Source material -

= = =

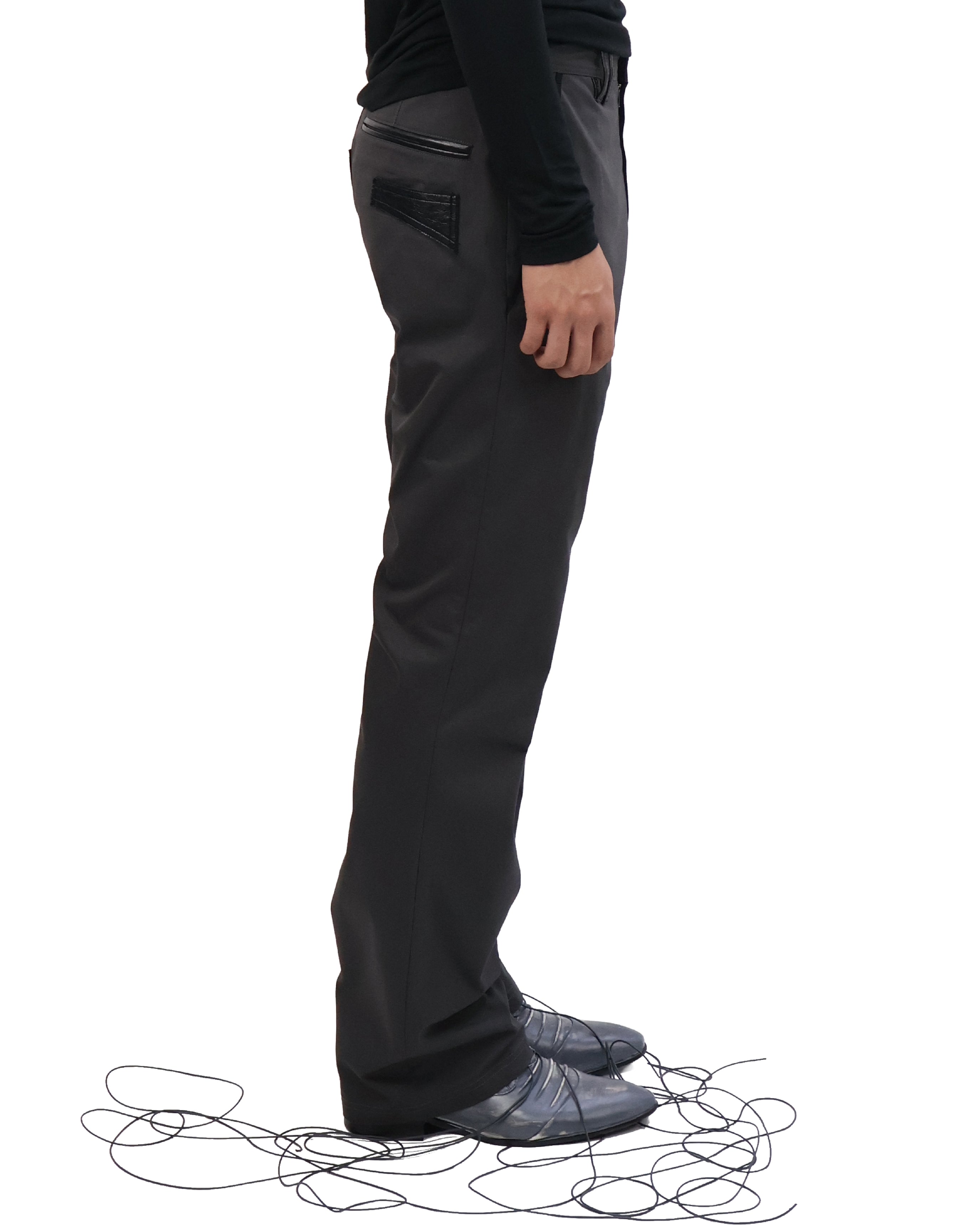 Leather Pocket Pants - Charcoal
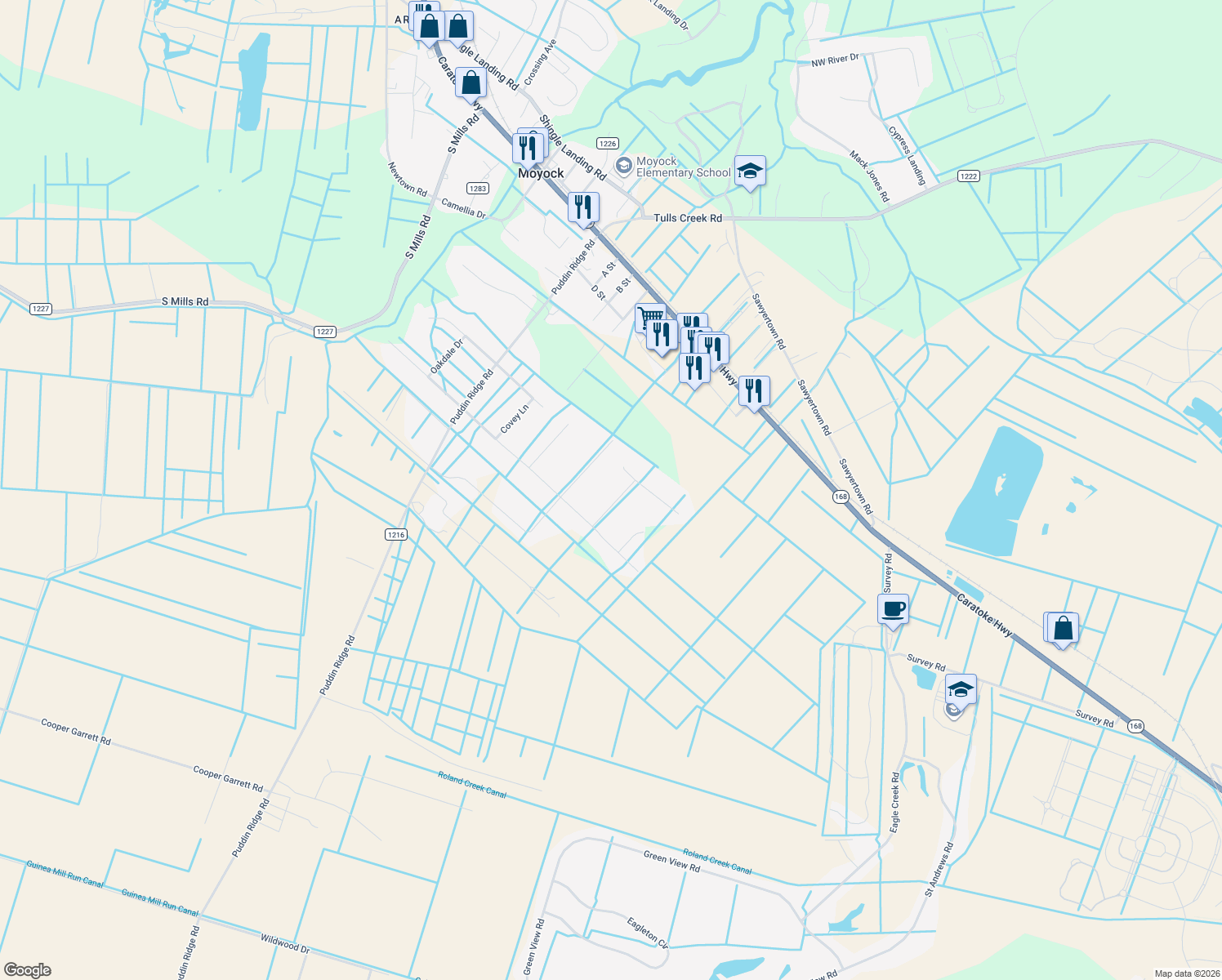 map of restaurants, bars, coffee shops, grocery stores, and more near 109 Alder Lane in Moyock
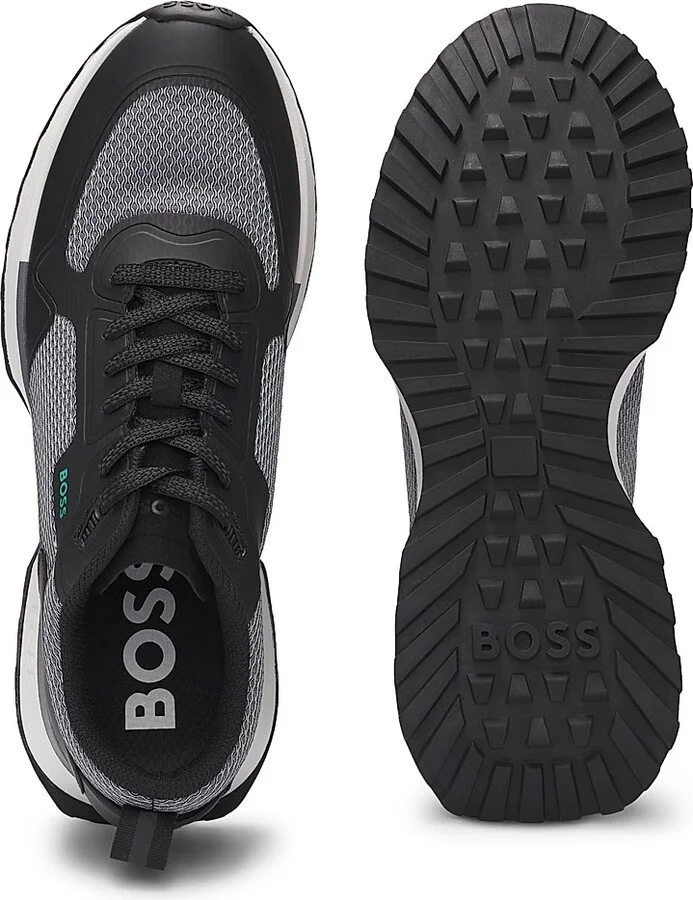 Men's Mixed-Material Trainers with Mesh Details and Branding - Grey - Size 6 - Image 3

= = =

What you need to do - Should there be pictures in the data, leave them out and return the rest exactly.

Exercise result -
 Leather Pocket Pants - Charcoal
 map of restaurants, bars, coffee shops, grocery stores, and more near 109 Alder Lane in Moyock
 Men's Mixed-Material Trainers with Mesh Details and Branding - Grey - Size 6 - Image 3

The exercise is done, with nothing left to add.